Throughout its 175-year history, Southern Baptists have maintained an uninterrupted witness among the nations, in spite of famine, war and civil unrest. This commitment has not come without sacrifice.
Approximately 60 missionaries and children have died due to violent circumstances while serving with the International Mission Board (formerly the Foreign Mission Board) since the organization’s founding in 1845. The causes include accidents such as drowning, automobile and aircraft crashes, and ships lost at sea. They also include deaths as a result of war and criminal or terrorist acts. In some cases, the missionaries were targeted specifically because of their faith or missionary service.
Of those 60, more than 20 FMB/IMB missionaries lost their lives “as a result of human hostility in a cross-cultural setting,” said Scott Peterson of IMB’s global research team.
The first was J. Landrum Holmes who served in China. Holmes and his wife, Sallie, were appointed by the Foreign Mission Board in 1858 and arrived in China in 1859. Less than three years later, Taiping rebels murdered Holmes and Episcopal missionary Henry M. Parker. Although family members encouraged Sallie Holmes to return to the U.S., the young mother chose to stay in China with her newborn son, Peterson wrote in a 2017 article.
Writing home, Sallie said at the time, “I think I might probably be instrumental in the conversion of more persons at home than here, but if I went home for that and other missionaries acted upon the same principle I doubt if there would be a missionary left in China.”
Sallie Holmes went on to mentor one of IMB’s most famous missionaries, Charlotte Digges “Lottie” Moon, for whom IMB’s annual missions offering is named. Lottie Moon also died while in active service aboard a ship docked in Kobe Harbor, Japan, on December 24, 1912.
Although both Landrum Holmes and Lottie Moon died while in active service, neither is necessarily considered a “martyr.”
“The IMB does not typically refer to or describe our personnel who have died in active service as martyrs,” Peterson said. “In many cases, it is difficult, if not impossible, to determine if our personnel (who died due to violence) were targeted because they were missionaries or Christians.”

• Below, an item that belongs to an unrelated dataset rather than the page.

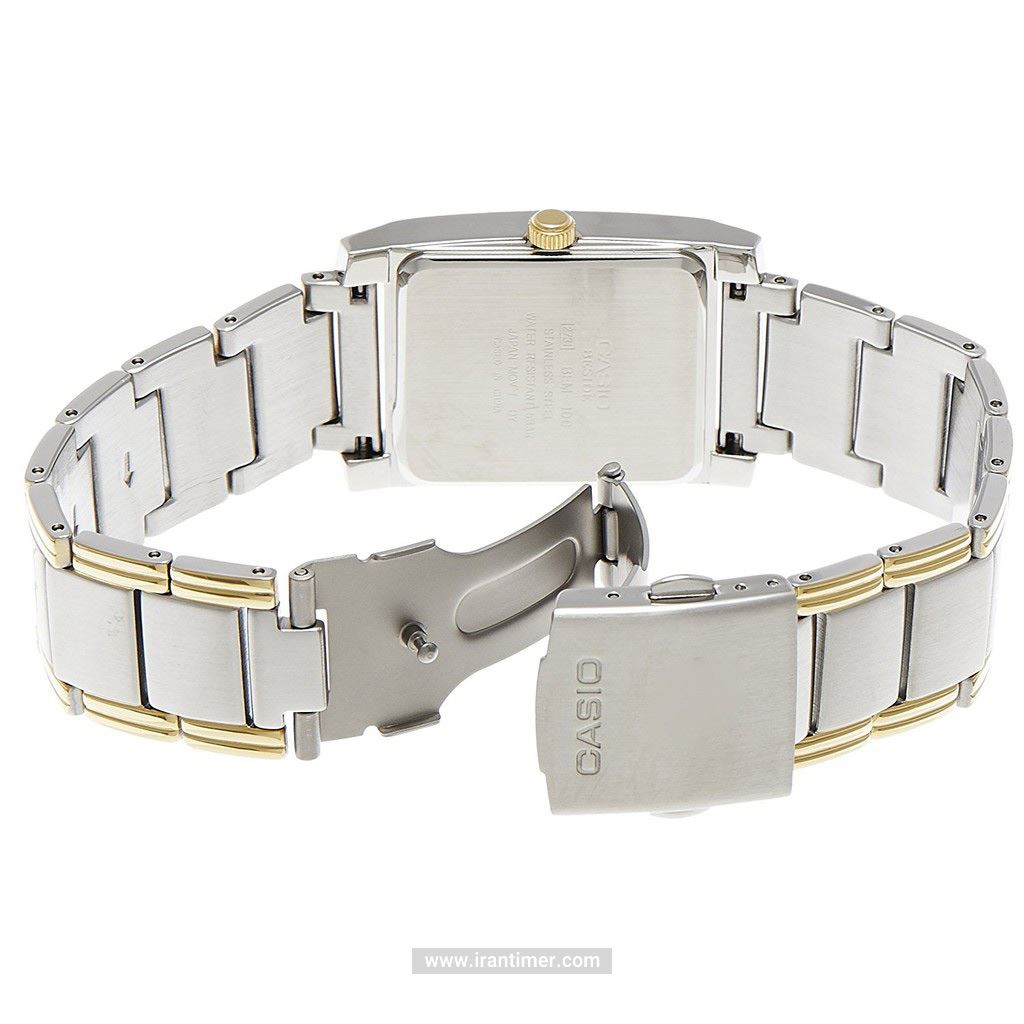 قیمت و خرید ساعت مچی مردانه کاسیو (CASIO) بی ساید مدل BEM-100SG-7AVDF کلاسیک | اورجینال و اصلی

Terminology notwithstanding, the sacrifice of those who died while serving cross-culturally — regardless of the means or cause of death — is no less significant than those who were targeted specifically for their faith.
“We memorialize all of our personnel who die in active service regardless of the cause of death.”
“The fact that we do not use the term [martyr] does not minimize the significance of the lives and sacrifice of those who died while serving cross-culturally,” Peterson said. “We memorialize all of our personnel who die in active service regardless of the cause of death. Each of those is a sacrifice because of a life lived in obedience to Christ.”
THANK GOD for the men and women who, with their children, have traveled to the ends of the earth to share the gospel with those who have never heard.
THANK GOD for the uninterrupted witness of Southern Baptists among the nations for 175 years.
ASK GOD to continue to protect missionaries and their families serving in cross-cultural and often difficult areas around the globe.